The American Heritage Dictionary of the English Language (5th ed.) says to “bum-rush” is “to charge at or into (a person or place): groupies who bum-rushed the musician’s dressing room.”
Merriam-Webster’s Collegiate Dictionary (11th ed.) defines it similarly: “to attack or seize with an overpowering rush,” as in “bum-rush the stage.”
M-W dates the expression from 1987, though it doesn’t give the origin. However, 1987 was the year the hip-hop group Public Enemy released its first album, Yo! Bum Rush the Show.
Green’s Dictionary of Slang (Vol. I) attributes the usage to the title song on the Public Enemy album, but dates it to 1986. We assume that’s because Public Enemy was performing the song that year while it was the opening act for the Beastie Boys.

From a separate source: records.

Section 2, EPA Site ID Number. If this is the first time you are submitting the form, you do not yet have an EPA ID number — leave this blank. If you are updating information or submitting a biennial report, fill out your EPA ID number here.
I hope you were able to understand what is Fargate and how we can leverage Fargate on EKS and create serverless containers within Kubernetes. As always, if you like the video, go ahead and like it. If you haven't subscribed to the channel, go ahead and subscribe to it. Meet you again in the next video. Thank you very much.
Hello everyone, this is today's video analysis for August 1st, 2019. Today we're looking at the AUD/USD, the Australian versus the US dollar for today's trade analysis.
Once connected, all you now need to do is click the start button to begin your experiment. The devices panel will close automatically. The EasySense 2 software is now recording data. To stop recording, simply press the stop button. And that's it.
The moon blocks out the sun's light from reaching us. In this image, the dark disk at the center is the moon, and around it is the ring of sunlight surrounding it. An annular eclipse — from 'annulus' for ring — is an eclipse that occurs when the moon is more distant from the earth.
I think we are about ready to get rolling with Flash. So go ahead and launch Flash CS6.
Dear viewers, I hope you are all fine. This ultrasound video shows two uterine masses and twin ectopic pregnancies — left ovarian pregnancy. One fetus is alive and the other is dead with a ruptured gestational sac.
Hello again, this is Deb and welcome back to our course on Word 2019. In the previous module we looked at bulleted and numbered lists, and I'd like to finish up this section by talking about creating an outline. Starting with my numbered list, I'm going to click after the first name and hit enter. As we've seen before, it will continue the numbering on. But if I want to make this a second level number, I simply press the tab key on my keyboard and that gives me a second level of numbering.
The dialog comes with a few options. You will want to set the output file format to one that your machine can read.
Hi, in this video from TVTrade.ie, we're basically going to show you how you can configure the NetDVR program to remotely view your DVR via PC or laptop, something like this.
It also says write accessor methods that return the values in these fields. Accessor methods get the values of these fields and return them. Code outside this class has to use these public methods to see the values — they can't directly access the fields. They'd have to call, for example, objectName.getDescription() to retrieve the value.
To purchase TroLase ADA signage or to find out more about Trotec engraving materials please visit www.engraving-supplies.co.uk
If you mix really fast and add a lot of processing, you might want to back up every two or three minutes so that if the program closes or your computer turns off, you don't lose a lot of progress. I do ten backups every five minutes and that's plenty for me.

Since the album came out, “bum-rush” has been used pretty freely as a verbal phrase meaning to deliberately run into someone or something at full tilt.
The intent can be to ambush, push past, beat up, tackle, or shove aside. It can also mean to gatecrash, or push into a club or event without paying.
Though the expression is sometimes used in the sense of to have anal sex (likely a play on the British slang word “bum,” meaning buttocks), the usage we find most often has little to do with sex.
For example, a 2010 news story on the website TMZ reported that Kim Kardashian and Justin Bieber had been “bum-rushed” by an overenthusiastic 12-year-old fan.
And in late April the LA Weekly blog reported that a stand-up comic, Randy Kagan, had been assaulted and pushed off the stage at the Hollywood Improv. “I was blindsided, bum rushed,” Kagan is quoted as saying. (He had made remarks about a woman in the audience and her boyfriend took offense.)
As we said, this verbal usage is probably derived from the older phrase “bum’s rush,” defined in Merriam-Webster’s as “forcible eviction or dismissal.” M-W dates this one from 1904.
The “bum” in the phrase is a vagrant or tramp who’s thrown out of a place or forcibly escorted off the premises.
This sense of “bum” as a tramp is of American origin, according to the Oxford English Dictionary, and apparently so is the phrase “bum’s rush.”
Green’s Dictionary of Slang (Vol. I) says the phrase originated “in the saloons of late 19C New York where vagrants and other hungry people attempted to take advantage of the sometimes sumptuous free lunch counters, which were meant for drinkers only.”
Freeloaders, in other words, got the “bum’s rush.”
Here’s a mid-20th-century usage, courtesy of the Oxford English Dictionary, from Marten Cumberland’s novel Murmurs in the Rue Morgue (1959):
“Chotin was being given what the vulgar term the ‘bum’s rush.’ He was down the steps … through the gate and flat on his back on the pavement.”